Domínio pelas letras
Aqui um aspecto extremamente forte ocorre na América Latina, imagine então, atento leitor, que o mesmo deve se repetir por este mundo, vasto mundo. É o que diz respeito à dominação, à opressão através das letras. Rama providencialmente abordou ao se referir a época distante mas a prática perpetuou-se.

É óbvio que o número de analfabetos diminuiu significativamente, mas esse não é, infelizmente, o requisito indispensável a permitir a dominação. Importante se faz a intimidade com as ferramentas da retórica.

Importante destacar a presença de um sonho europeu a flutuar sobre a América Latina, o que diz respeito à cidade ideal. A cidade idealizada, a cidade no/de papel.

Junto com esse sonho europeu cresceu a obsessão por uma cidade, um estado, um país hierarquizado. À nobreza ou à suposta nobreza caberia ocupar o topo da pirâmide social. Das armas convencionais às armas letradas, a nobreza não poupou esforços no sentido de subjugar.

Este livro de Rama é extremamente rico e permite variadas abordagens, mas a construção das cidades da América Latina é o aspecto deflagrador das análises, permite refletirmos sobre nossa índole, essa que nos faz eternos subservientes. Cidades construídas no sentido de servir ao poder, enquanto na Europa as cidades eram criadas sem essa infame característica. Isso não agradava e a cidade ideal foi planejada para o nosso continente.

E o custo foi alto e coube ao povo, passou a conhecer a nefasta burocracia, entre outros males. Entre eles a negação do real em prol de um ideal. É nesse instante que o poder da escrita passa a ser valorizado. De forma deplorável, é inegável. Isso tudo para se tentar reproduzir por aqui a realidade e os valores europeus. No comando o ser letrado.
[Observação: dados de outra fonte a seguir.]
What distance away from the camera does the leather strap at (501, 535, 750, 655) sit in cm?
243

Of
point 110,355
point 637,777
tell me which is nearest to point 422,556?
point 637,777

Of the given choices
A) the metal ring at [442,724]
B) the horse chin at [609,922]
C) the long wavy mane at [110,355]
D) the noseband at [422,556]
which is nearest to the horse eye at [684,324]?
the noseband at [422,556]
E o ser letrado ignora qualquer tipo de cultura que não seja a sua e busca impor seu modelo ideal, seja de cidade, de disposição no espaço, seja de costumes e sempre sob a égide da violência. Entenda-se por violência não apenas o ato físico, o material, mas a violência oportunizada pelo combate frente a um adversário “desarmado” culturalmente. Um adversário inocente. Tão alienado que é capaz de agradecer e reverenciar seu algoz.
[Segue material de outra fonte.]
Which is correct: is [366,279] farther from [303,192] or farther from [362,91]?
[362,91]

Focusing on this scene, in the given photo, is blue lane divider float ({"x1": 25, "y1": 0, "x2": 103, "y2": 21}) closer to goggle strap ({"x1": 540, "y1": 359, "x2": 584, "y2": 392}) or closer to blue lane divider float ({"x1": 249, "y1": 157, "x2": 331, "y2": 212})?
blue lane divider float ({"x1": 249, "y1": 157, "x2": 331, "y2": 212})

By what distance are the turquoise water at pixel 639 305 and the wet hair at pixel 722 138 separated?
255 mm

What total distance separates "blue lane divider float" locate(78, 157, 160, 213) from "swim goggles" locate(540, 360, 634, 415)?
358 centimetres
O poder (o opressor) legitimou-se utilizando a letra, a escrita, ferramenta que permitiu a criação de novas cidades, cidades ordenadas. Cidades sob a égide daqueles que tinham intimidade com a escrita. A busca pela materialização do modelo ideal de cidade. Tudo isso, no entanto, pode ser visto por outra lente. Aquela que permite visualizar as razões mais íntimas do poder, as mais cruéis: a criação/manutenção de um espaço ideal. Um ambiente onde possam se multiplicar e urdir seus planos mais pérfidos. Aqueles que não consideram o ser humano e suas necessidades, aqueles que sabem “usar” o povo.

A forma com que Ángel Rama analisou, desnudou, a América Latina não é de envergonhar os povos latino-americanos. De jeito nenhum. Ocoreu/ocorre aqui, mas é prerrogativa do ser humano. Pode apostar, está ocorrendo nesse instante mundo afora. Lamentavelmente. Mas sem surpresas. Somos capazes de feitos muito mais deploráveis.

Os intelectuais são culpados? No que se refere ao relatado por Rama, não. Mas alguém deve ser ao menos responsabilizado. Sim. Nossa eterna capacidade de ajoelhar frente ao estrangeiro, mesmo sendo ele um semialfabetizado. Em terra de cego…

A cidade das letras
Ángel Rama
Trad.: Emir Sader
Boitempo
159 págs.
Ángel Rama
Escritor, acadêmico e crítico uruguaio. Nasceu em Montevidéu em 1926. Depois de estudar na Universidade de Paris, foi nos anos 60 diretor do Departamento de Literatura Hispano-Americana da Universidade de Montevidéu. Na época, também fundou a Editorial Arca, foi conselheiro da Biblioteca Ayacucho (em Caracas) e contribuiu com o semanário Marcha, uma revista literária de esquerda. Com o golpe uruguaio de 1974, seguiu para os EUA, onde ensinou em Princeton na University of Maryland. Morreu em 1983 num acidente aéreo.
Luiz Horácio

É escritor. Autor de Pássaros grandes não cantam, entre outros.